Exercise prompt: Through the line that contains "جيب رانجلر Unlimited Sahara 2.0L A/T", return the data below exactly, starting at its first line; leave the rest out.

****************************************

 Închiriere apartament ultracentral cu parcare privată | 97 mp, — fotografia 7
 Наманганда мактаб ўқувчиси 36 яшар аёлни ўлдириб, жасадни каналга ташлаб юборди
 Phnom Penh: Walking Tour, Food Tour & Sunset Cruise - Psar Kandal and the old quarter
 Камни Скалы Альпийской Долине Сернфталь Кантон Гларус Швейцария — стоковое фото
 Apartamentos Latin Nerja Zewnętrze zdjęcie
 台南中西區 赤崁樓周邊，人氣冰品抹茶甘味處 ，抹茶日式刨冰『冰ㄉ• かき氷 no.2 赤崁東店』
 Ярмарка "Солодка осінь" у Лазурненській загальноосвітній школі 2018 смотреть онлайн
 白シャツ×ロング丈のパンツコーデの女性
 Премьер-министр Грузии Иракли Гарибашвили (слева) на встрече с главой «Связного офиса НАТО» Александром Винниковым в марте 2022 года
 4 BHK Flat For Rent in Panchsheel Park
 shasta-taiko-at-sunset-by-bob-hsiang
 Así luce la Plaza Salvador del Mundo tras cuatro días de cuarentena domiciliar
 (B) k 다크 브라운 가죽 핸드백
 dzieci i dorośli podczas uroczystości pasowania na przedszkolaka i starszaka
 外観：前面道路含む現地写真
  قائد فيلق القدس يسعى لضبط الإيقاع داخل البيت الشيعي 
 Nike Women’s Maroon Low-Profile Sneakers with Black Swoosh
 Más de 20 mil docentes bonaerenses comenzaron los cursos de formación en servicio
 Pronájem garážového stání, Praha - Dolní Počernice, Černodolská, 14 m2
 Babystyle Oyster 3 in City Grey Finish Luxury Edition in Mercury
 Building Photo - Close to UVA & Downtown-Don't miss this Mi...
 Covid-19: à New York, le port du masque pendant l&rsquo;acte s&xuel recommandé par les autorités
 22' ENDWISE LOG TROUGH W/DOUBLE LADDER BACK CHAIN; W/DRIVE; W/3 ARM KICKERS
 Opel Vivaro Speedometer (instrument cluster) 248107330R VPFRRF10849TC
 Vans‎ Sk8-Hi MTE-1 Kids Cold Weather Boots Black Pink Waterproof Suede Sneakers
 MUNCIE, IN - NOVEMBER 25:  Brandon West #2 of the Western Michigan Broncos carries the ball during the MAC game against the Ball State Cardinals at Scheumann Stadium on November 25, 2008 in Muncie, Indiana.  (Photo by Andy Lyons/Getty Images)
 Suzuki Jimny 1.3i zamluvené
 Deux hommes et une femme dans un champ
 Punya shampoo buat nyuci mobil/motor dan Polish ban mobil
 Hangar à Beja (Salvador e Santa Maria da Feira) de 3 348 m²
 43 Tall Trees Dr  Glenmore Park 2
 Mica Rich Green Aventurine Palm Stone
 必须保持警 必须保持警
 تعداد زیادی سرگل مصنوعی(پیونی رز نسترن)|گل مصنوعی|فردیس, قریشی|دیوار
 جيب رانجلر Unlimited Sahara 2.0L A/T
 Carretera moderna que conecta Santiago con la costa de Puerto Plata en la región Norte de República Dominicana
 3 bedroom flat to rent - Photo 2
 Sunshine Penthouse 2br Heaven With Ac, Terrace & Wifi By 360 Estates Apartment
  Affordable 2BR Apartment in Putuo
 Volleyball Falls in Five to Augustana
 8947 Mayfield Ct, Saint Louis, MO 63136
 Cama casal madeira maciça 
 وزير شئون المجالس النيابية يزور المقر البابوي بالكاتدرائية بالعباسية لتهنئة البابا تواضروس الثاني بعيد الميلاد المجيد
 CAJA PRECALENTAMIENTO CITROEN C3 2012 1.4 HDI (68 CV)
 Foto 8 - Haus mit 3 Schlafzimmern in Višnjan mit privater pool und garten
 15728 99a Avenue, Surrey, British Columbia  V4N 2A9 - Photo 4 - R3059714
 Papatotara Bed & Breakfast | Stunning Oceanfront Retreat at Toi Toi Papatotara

****************************************

Solution to this task:
 Închiriere apartament ultracentral cu parcare privată | 97 mp, — fotografia 7
 Наманганда мактаб ўқувчиси 36 яшар аёлни ўлдириб, жасадни каналга ташлаб юборди
 Phnom Penh: Walking Tour, Food Tour & Sunset Cruise - Psar Kandal and the old quarter
 Камни Скалы Альпийской Долине Сернфталь Кантон Гларус Швейцария — стоковое фото
 Apartamentos Latin Nerja Zewnętrze zdjęcie
 台南中西區 赤崁樓周邊，人氣冰品抹茶甘味處 ，抹茶日式刨冰『冰ㄉ• かき氷 no.2 赤崁東店』
 Ярмарка "Солодка осінь" у Лазурненській загальноосвітній школі 2018 смотреть онлайн
 白シャツ×ロング丈のパンツコーデの女性
 Премьер-министр Грузии Иракли Гарибашвили (слева) на встрече с главой «Связного офиса НАТО» Александром Винниковым в марте 2022 года
 4 BHK Flat For Rent in Panchsheel Park
 shasta-taiko-at-sunset-by-bob-hsiang
 Así luce la Plaza Salvador del Mundo tras cuatro días de cuarentena domiciliar
 (B) k 다크 브라운 가죽 핸드백
 dzieci i dorośli podczas uroczystości pasowania na przedszkolaka i starszaka
 外観：前面道路含む現地写真
  قائد فيلق القدس يسعى لضبط الإيقاع داخل البيت الشيعي 
 Nike Women’s Maroon Low-Profile Sneakers with Black Swoosh
 Más de 20 mil docentes bonaerenses comenzaron los cursos de formación en servicio
 Pronájem garážového stání, Praha - Dolní Počernice, Černodolská, 14 m2
 Babystyle Oyster 3 in City Grey Finish Luxury Edition in Mercury
 Building Photo - Close to UVA & Downtown-Don't miss this Mi...
 Covid-19: à New York, le port du masque pendant l&rsquo;acte s&xuel recommandé par les autorités
 22' ENDWISE LOG TROUGH W/DOUBLE LADDER BACK CHAIN; W/DRIVE; W/3 ARM KICKERS
 Opel Vivaro Speedometer (instrument cluster) 248107330R VPFRRF10849TC
 Vans‎ Sk8-Hi MTE-1 Kids Cold Weather Boots Black Pink Waterproof Suede Sneakers
 MUNCIE, IN - NOVEMBER 25:  Brandon West #2 of the Western Michigan Broncos carries the ball during the MAC game against the Ball State Cardinals at Scheumann Stadium on November 25, 2008 in Muncie, Indiana.  (Photo by Andy Lyons/Getty Images)
 Suzuki Jimny 1.3i zamluvené
 Deux hommes et une femme dans un champ
 Punya shampoo buat nyuci mobil/motor dan Polish ban mobil
 Hangar à Beja (Salvador e Santa Maria da Feira) de 3 348 m²
 43 Tall Trees Dr  Glenmore Park 2
 Mica Rich Green Aventurine Palm Stone
 必须保持警 必须保持警
 تعداد زیادی سرگل مصنوعی(پیونی رز نسترن)|گل مصنوعی|فردیس, قریشی|دیوار
 جيب رانجلر Unlimited Sahara 2.0L A/T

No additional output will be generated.